Over the years, there have been occasional releases of keyboard sonatas and concertos by precursors and contemporaries of Mozart, including a smattering of the sonatas composed by Baldassare Galuppi (1706-1785). Galuppi is another of those figures whose contemporary reputation was far-reaching but in the intervening centuries his name has been relegated to the darker recesses of music history. Considered by some to be the father of comic opera, Galuppi’s music has been in and out of the catalogs over the years and has also been championed by a number of performers, including conductor Diego Fasolis who recording of Galuppi’s comic masterpiece Il mondo alla roversa was relased by Chandos in 2001. But by and large Galuppi’s music – be it vocal or instrumental – has failed to gain a secure foothold in the active repertoire.

Be it right or wrong one generally succumbs to the temptation is to compare the unfamiliar to the familiar and this usually results in the unfamiliar getting the short end of the stick. But if this approach is eschewed, an objective listener can – as here – encounter an occasional diamond long sequestered amid the galaxies of sapphires.

These are not sonatas in the sense of those penned by Mozart and Clementi. Instead they lie somewhere between those of Scarlatti and his Iberian disciples, e.g., Padre Antonio Soler, and the mature examples of the genre that seemed to flow in a steady stream from the quills of the masters of Classicism.
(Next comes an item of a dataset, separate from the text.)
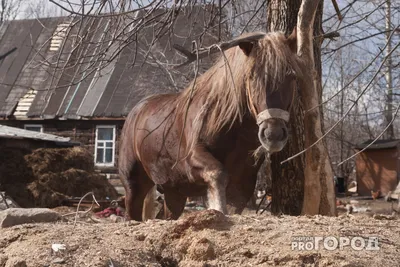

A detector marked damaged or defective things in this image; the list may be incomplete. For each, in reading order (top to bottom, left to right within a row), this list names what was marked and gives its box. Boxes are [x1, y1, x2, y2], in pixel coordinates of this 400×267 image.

damaged roof [0, 4, 222, 119]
Schizophrenic via the employment of distinctive stylistic traits of both eras, Galuppi’s sonatas are usually written with the melodic interest falling to the right hand and the left hand providing the essential underpinning, frequently in the form of an Alberti bass. They do not consistently approach the level of virtuosity found in the single-movement works of Scarlatti but the lack of unfettered virtuosity is offset by Galuppi’s unfailing lyricism and his ability to create cogent and engaging musical ideas that are dotted with an occasional structural or harmonic idiosyncrasy.

There is much melodic beauty in these relatively brief and generally bipartite works and they descend gracefully on the ear, eliciting a wholly positive response from the auditor. My favorites include the first of sonatas in F and the one in D Minor whose first movement melodic content seems to embrace they dying Baroque and could easily have been written by Handel or Bach.

Volume 1 of this series drew much critical acclaim for Sievewright’s advocacy of this reperoire, much of which remains unpublished. The sonatas recorded here represent the second installment in the projected cycle of Galuppi’s 90 sonatas by Sievewright and the British firm Divine Art and the music could not have a more sophisticated or dedicated advocate. In each sonata he unwraps a musical gift of exquisite beauty, gently embracing and caressing the slow movements with Italianate grace and lyrical expression that border upon the romantic while the more lively sections are permeated with a delightful and appropriate bounce and spontaneity. Seivewright’s gentle coaxing produces a kaleidoscopic array of dynamics and a rainbow of colors. These sonatas may never challenge the place of honor held by those of Mozart, but Sievewright pleads both an elegant and eloquent case for a reexamination of his shadowy repertoire.